→ The task:
From the entries below, return only the lines starting at the one that contains "a jar filled" and ending at the one that contains "A bespoke silver", exactly as they stand.

--- Exercise material Enclosed Below ---

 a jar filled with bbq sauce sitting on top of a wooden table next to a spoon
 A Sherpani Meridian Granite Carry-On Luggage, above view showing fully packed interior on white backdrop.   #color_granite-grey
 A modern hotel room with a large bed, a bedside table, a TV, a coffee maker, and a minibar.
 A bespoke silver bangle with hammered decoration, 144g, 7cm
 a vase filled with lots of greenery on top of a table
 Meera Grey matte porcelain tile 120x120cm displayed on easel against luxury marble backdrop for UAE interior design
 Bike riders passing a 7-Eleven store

--- End of Enclosed Exercise material ---
--- Exercise material Enclosed Below ---

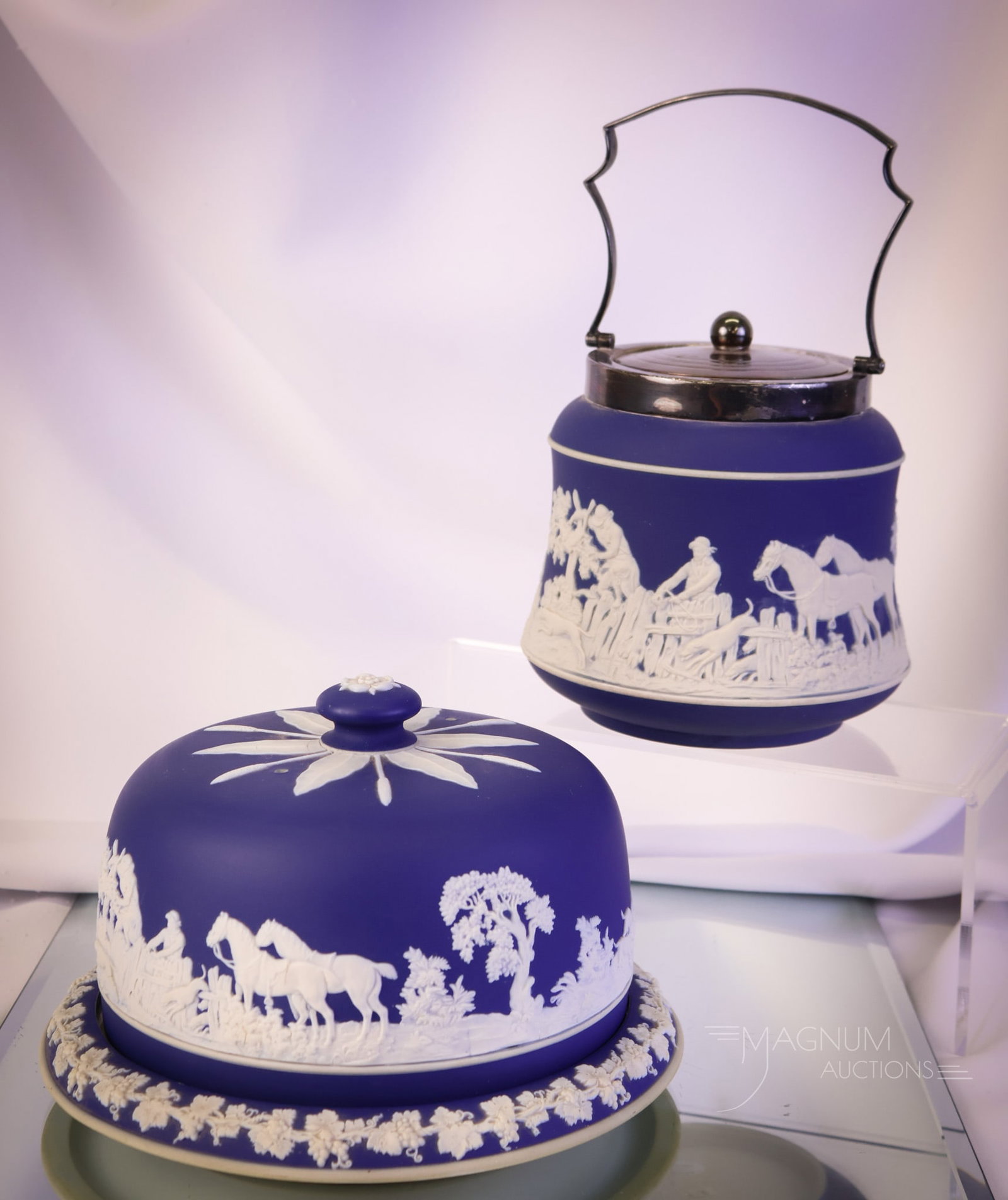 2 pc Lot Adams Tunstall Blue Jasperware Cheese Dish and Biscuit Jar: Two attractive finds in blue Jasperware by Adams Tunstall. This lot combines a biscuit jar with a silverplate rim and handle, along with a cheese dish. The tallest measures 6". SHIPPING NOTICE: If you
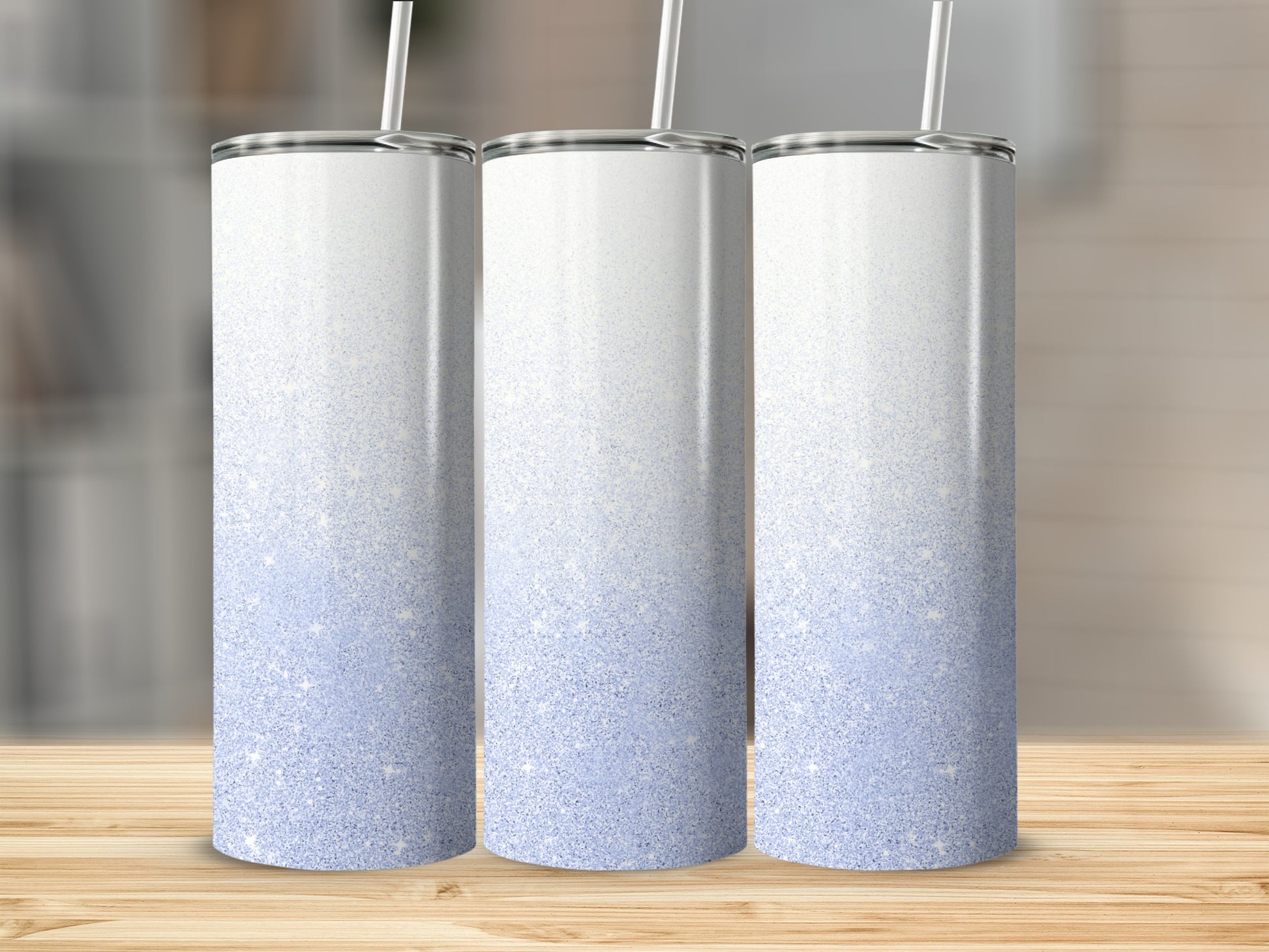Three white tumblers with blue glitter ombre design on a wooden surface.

--- End of Enclosed Exercise material ---
--- Exercise material Enclosed Below ---

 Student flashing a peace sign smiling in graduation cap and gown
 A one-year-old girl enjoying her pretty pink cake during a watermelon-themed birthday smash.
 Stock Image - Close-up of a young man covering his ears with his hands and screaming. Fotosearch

--- End of Enclosed Exercise material ---

→ Your solution:
 a jar filled with bbq sauce sitting on top of a wooden table next to a spoon
 A Sherpani Meridian Granite Carry-On Luggage, above view showing fully packed interior on white backdrop.   #color_granite-grey
 A modern hotel room with a large bed, a bedside table, a TV, a coffee maker, and a minibar.
 A bespoke silver bangle with hammered decoration, 144g, 7cm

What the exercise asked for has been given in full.